Aber wie kann ein Athlet mit einem lädierten Rücken gefahrlos gewichtige Hanteln meistern? «Ramon hat zuerst mit besonderen Übungen meinen Rumpf stabilisiert», erklärt Tumler. Seinem Übungsleiter ist ein Moment in besonderer Erinnerung geblieben: «Als ich Thomi erstmals zum Kreuzheben mit 50 Kilo aufgefordert habe, ist ihm die nackte Angst durch den Körper geschossen. Heute meistert er in derselben Sparte locker doppelt so viel Gewicht.»
Finanzielle Sorgen
Was kaum jemand weiss: Tumler arbeitete kurzfristig für den Vater seines Coachs. «Nach mehreren erfolglosen Jahren ist mir irgendwann bewusst geworden, dass ich nicht mehr alleine vom Skisport leben kann. Die Arbeit mit Holz hatte schon länger eine besondere Faszination auf mich ausgeübt. Und als ich erfahren habe, dass Ramons Papa eine Schreinerei führt, habe ich ihn im Frühling 2022 gefragt, ob ich bei ihm arbeiten dürfe. Glücklicherweise hat Rolf sofort Ja gesagt.»
Zwischen Mai und Juli installierte Tumler nach dem Athletik-Training am Vormittag für die Schreinerei Zürcher Küchen und transportierte Waren. Mittlerweile kann der 35-jährige Swiss-Ski-Teamsenior wieder ganz gut vom Skirennsport leben. Im letzten Winter hat Tumler beim Riesenslalom in Beaver Creek seinen ersten Weltcupsieg eingefahren und bei der WM in Saalbach Silber gewonnen. «Ohne die genialen Trainingsmethoden von Ramon und die Unterstützung wäre das alles nicht möglich gewesen», sagt Tumler voller Dankbarkeit. Zürcher freut sich nicht nur über die starken Trainings- und Wettkampfleistungen, die sein Schützling seit ein paar Jahren konstant abliefert. «Im letzten Frühling ist Thomi nach einer dreiwöchigen Pause mit einem breiten Smile ins Training gekommen. Er war sichtlich glücklich, dass er das Training endlich wieder aufnehmen konnte. Dieser Moment hat auch mir als Trainer unglaublich gutgetan.»

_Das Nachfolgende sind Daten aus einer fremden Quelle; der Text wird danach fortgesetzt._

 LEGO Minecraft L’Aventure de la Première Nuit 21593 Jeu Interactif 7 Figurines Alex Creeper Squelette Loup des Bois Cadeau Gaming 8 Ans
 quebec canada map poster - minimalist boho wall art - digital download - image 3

Die Lösung des grossen Problems
Kurzfristig ist den beiden das Lachen aber vergangen. Grund: Die FIS hat im Juni das Tragen von Schienbeinschonern verboten. «Wenn die FIS an diesem Verbot festhält, kann ich meine Karriere beenden», sagte Tumler damals der Verzweiflung nahe zu Blick. Hintergrund: Tumler leidet seit Jahren unter einer starken Knochenhautentzündung. Deshalb hat er die Schienbein-Protektoren nie getragen, weil sie eine schnellere Rennlinie ermöglichen, sondern um seine Haut zu schützen. Zum Glück haben die Entscheidungsträger im neuen Reglement bezüglich dieser Protektoren ein Schlupfloch eingebaut. Die Präzisierung des Reglements sagt, dass ein Zusatzteil fix mit dem Skischuh verbunden sein muss. Das heisst: Wenn das Material im Zielraum kontrolliert wird, dürfen keine separaten Teile aus dem Skischuh herauskommen.

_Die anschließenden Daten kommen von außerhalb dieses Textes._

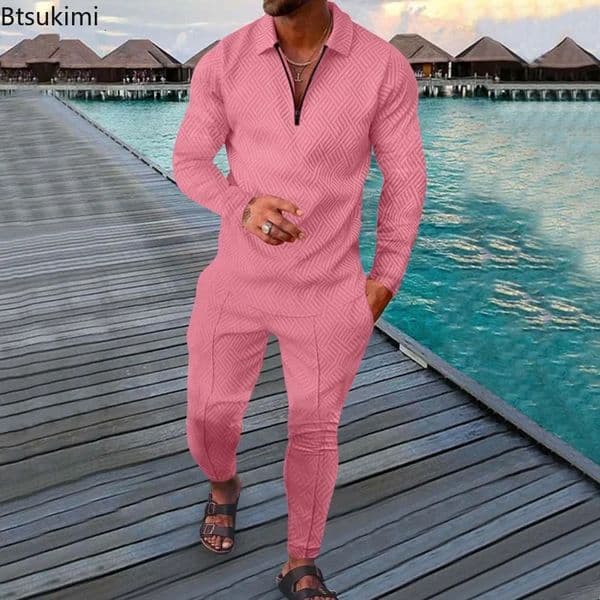 2024Spring Autumn Long Sleeve Polo ShirtSweatpants Suit Men V-neck Sweatshirt Men Streetwear Vintage Clothing Sets Tracksuits 240815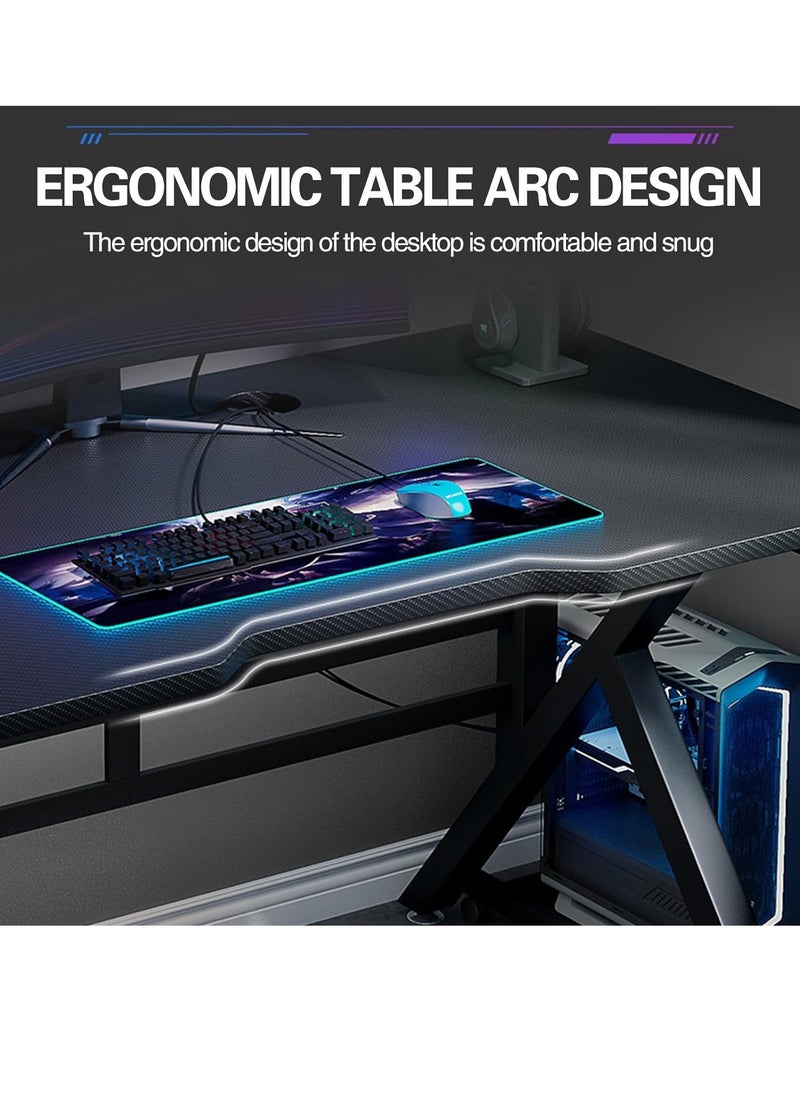 Desktop Computer Desk Carbon Fiber Surface PC Gaming Desk Table with Move Host Stand Simple Desk for Home Office Study Student Writing Desk 100 x 60 x 75cm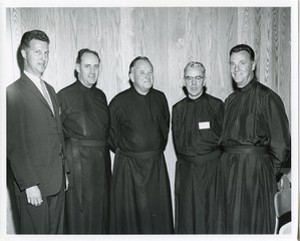 Jesuit faculty members: Paul Fitzgerald, Michael P. Walsh, James F. Moynihan, and George Fuir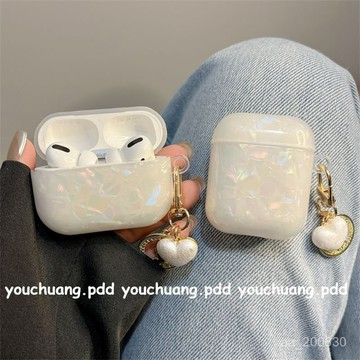 ✨限時特惠✨簡約貝殻紋AirPods1/2代保護套蘋果pro2代藍牙耳機殻3代ins少女心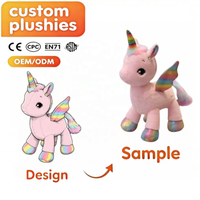 Peluche Licorne Ailée Arc-en-ciel Personnalisée, Peluche Pégase Douce avec Corne Colorée, Vente en Gros OEM ODM, Logo Personnalisé, Cadeaux pour Enfants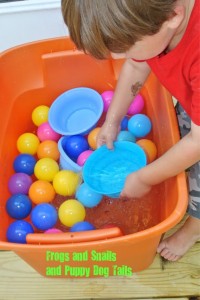 Tub of balls and bowls-water play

Deshalb hat Tumler genau wie Marco Odermatt und Lenz Hächler den Schienbein-Protektor im Schuh fixiert. «In den Trainings bin ich mit dieser Konstruktion sehr gut zurechtgekommen.» Oder anders ausgedrückt: Tumler und seine hochkarätigen Trainingskollegen sind richtig heiss auf den Weltcup-Auftakt in Sölden.